Updated: Aug 15, 2020
This is a pure Babble from my inner self. It might not even make sense at some points. Warning: contains typos. I'll fix them later. Maybe.
UPDATE 15-08-2020: Please read my Knowledge Update on RDNA's Primitive Shaders!
The little Guy
Nobody paid much attention to Little Navi. Well, at least not as much as they did to his bigger Brother, Middle-sized Navi (Navi 10) that first debuted in the RX 5700 XT. People are obsessed with the high performance, large-die size, performance-tier pushing parts that usually cost a fortune too. And that's okay, I love those too. As a tech enthusiast, it's awesome to see the boundries of computing get pushed forward with each new architecture.
However, we must remember that the Little Guys, I am talking about GPUs like Polaris (10/11) and Navi 14, and before those: the likes of Pitcairn, the Immortal GPU. It is the smaller, 'entry-level' processors that enable low-cost access to the latest technology, and it is them that enable everyone - regardless of budget - to access it.
Now, you may already be aware that I hold Polaris in a very high esteem, much like I do Ryzen, especially with how they have enabled people on low incomes to break down the barrier to computing and PC gaming. Indeed, I am a big proponent of high value technology products because I feel they are the most progressive for the vast majority of the population.
That brings me to Navi 14.
But Sash, RX 5500 XT was kinda 'meh' on launch and the value wasn't even that great. You're an idiot, why are you typing this crap?

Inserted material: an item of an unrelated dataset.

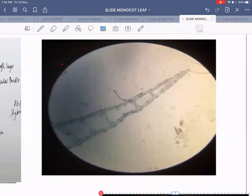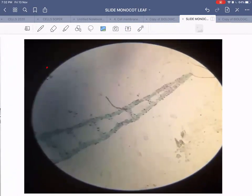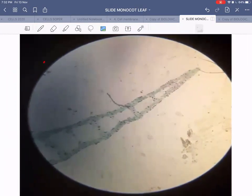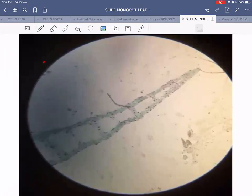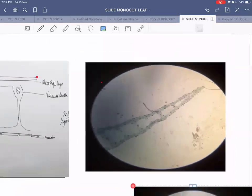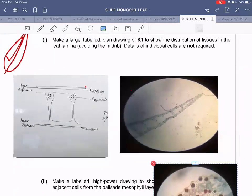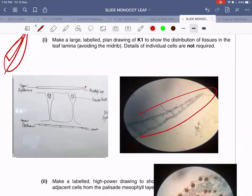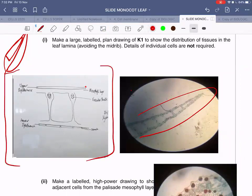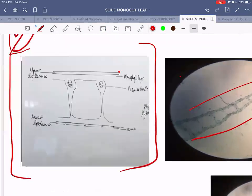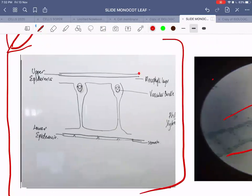This is how your slide will look like, and this is how you're supposed to draw the large labeled low power plan diagram. If you make a plan diagram of this slide it should look like the drawing on the left. You have the upper epidermis at the top, then the lower epidermis, and the palisade layer visible in between.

I am fully aware of that. But the purpose of this post is to talk about a GPU that often doesn't get a lot of attention, and well, I have one as my main GPU and I just wanted to talk about it. So you can just deal with that. CHUMP! That was a joke. :3
After my Polaris 30-based RX 590 burped and I decided to retire him permanently, I found myself using his somewhat ill-fated (value position) replacement, RX 5500 XT; based on the tiny - and somewhat adorable - Navi 14 graphics processor.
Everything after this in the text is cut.